Abstract
S-palmitoylation is a pervasive post-translational modification required for the trafficking, compartmentalization, and membrane-tethering of many proteins. We demonstrate that the commercially available compound 17-octadecynoic acid (17-ODYA) can serve as a bioorthogonal, click chemistry probe for in situ labeling, identification, and verification of palmitoylated proteins in human cells.
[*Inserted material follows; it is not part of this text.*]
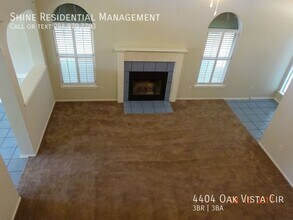 4404 Oak Vista Cir in Killeen, TX - Building Photo - Building Photo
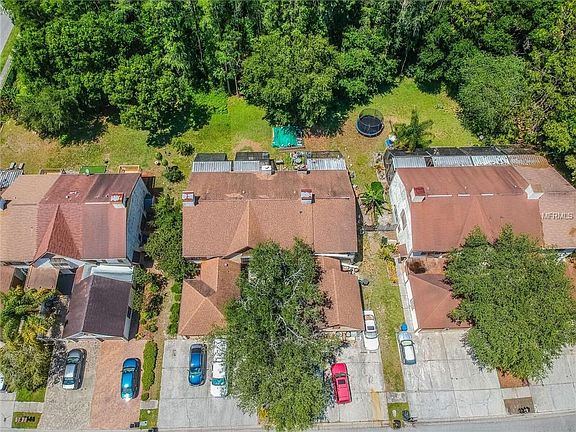 2nd image of 4013 Huxford Ct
We identified ~125 predicted palmitoylated proteins, including G proteins, receptors, and a family of uncharacterized hydrolases whose plasma membrane localization depends on palmitoylation.
S-palmitoylation is a reversible covalent post-translational attachment of fatty acids on cysteines that mediates association of diverse proteins with membranes via a labile acyl-thioester linkage1. Many proteins have been identified as targets of palmitoylation, most notably G proteins, which are often palmitoylated proximal to prenylation or myristoylation sites. Other diverse classes of palmitoylated proteins include ion channels, receptors, cytoskeletal proteins, and kinases.
Protein palmitoylation has historically been detected by metabolic incorporation of radiolabeled palmitate followed by immunoprecipitation. This classical approach is tedious due to lengthy film exposure times and the lack of any straightforward means to enrich and identify radiolabeled proteins. Alternatively, selective thioester hydrolysis and covalent tagging can be used to capture sites of palmitoylation in a method termed acyl-biotin exchange (ABE)2. Coupling this approach to mass spectrometry provided the first global profile of palmitoylated proteins in Saccharomyces cerevisiae, identifying nearly 50 palmitoylation targets. The ABE method, however, requires complete blockage of all reduced cysteines to eliminate false-positives, as well as highly efficient thioester hydrolysis and disulfide-exchange reactions to label and identify palmitoylated proteins. Coupled with the inherent background observed with streptavidin bead enrichments, these factors have resulted in nearly 1/3 of the identified proteins being designated as false-positives2. Despite this initial promising work, large-scale identification of palmitoylated proteins from higher eukaryotic organisms, such as mammals, has yet to be reported, and we accordingly still lack an understanding of the full extent and purpose of this post-translational modification in cell biology.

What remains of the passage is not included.